Wednesday, December 05, 2007

The Sleeping Tiger


Directed by Victor Hanbury, according to the opening credits. A pseudonym. ‘The Sleeping Tiger’ was in fact Joseph Losey’s first British film following his repatriation after his Hollywood blacklisting during the McCarthy witch-hunts*.

A melodramatic little number, but notable as the first time Losey and Bogarde worked together – they went on to make five films – and for the pointers it offers towards their most memorable collaboration, ‘The Servant’.

The plot, briefly: young thug Frank Clemmons (Bogarde) attempts to mug stoic psychiatrist Dr Clive Esmond (Alexander Knox), only for the older man to disarm him.

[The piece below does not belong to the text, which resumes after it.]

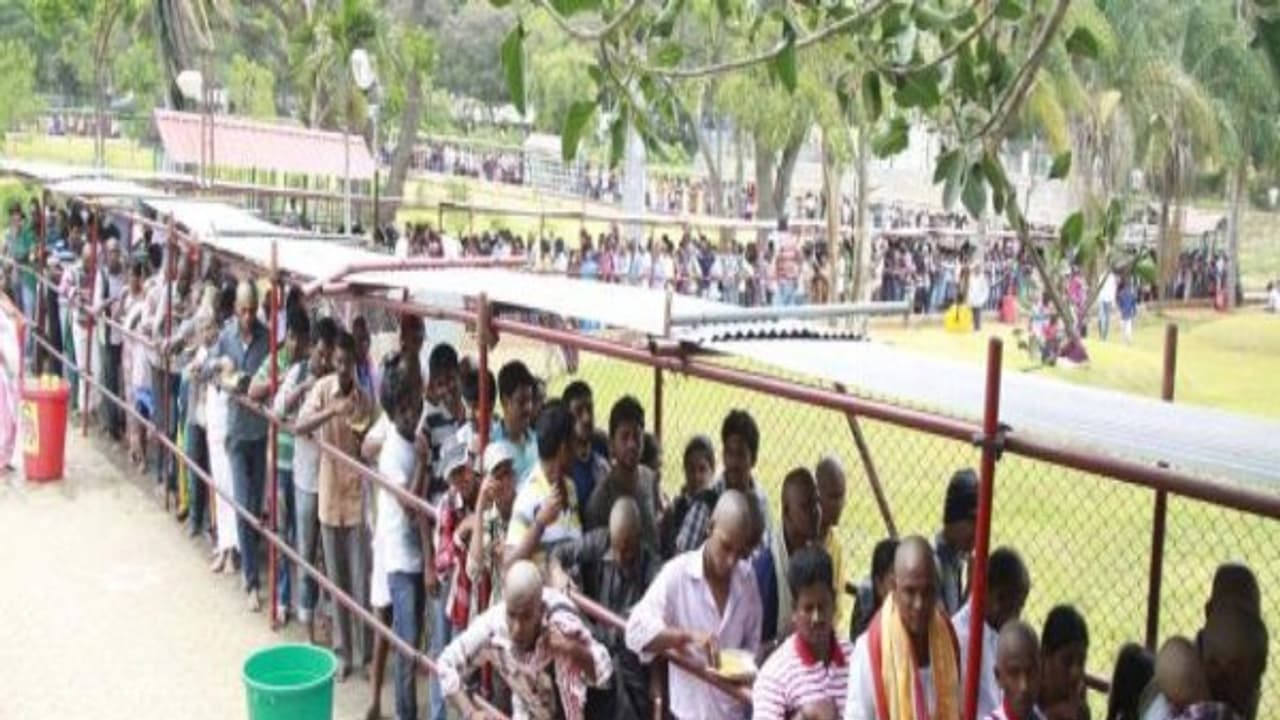 దళారులు.. దందాలు.. అంబర్‌పేట,వరంగల్ ఎమ్మెల్యేల పేరుతో..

Rather than frog-march him down the local nick, Esmond offers Clemmons an alternative: six months as house guest (or, as Clemmons puts it, “a prisoner here”) and guinea pig for Esmond’s thesis that he can reverse the youth’s tendencies to criminality. During his enforced stay, Clemmons begins an affair with Esmond’s wife Glenda (Alexis Smith).

All this malarkey wouldn’t be so bad if the scenes between Esmond and Clemmons attained some degree of psychological depth. However, what little tension there is (Clemmons is too busy making whoopee with Mrs E or sneaking out to further his criminal career to enter into any soul-searching conversation with the good doctor) remains unexplored. Resolution comes in a scene as intellectually facile as the “it’s not your fault” finale to ‘Good Will Hunting’, but without that film’s three-handkerchief sense of catharsis.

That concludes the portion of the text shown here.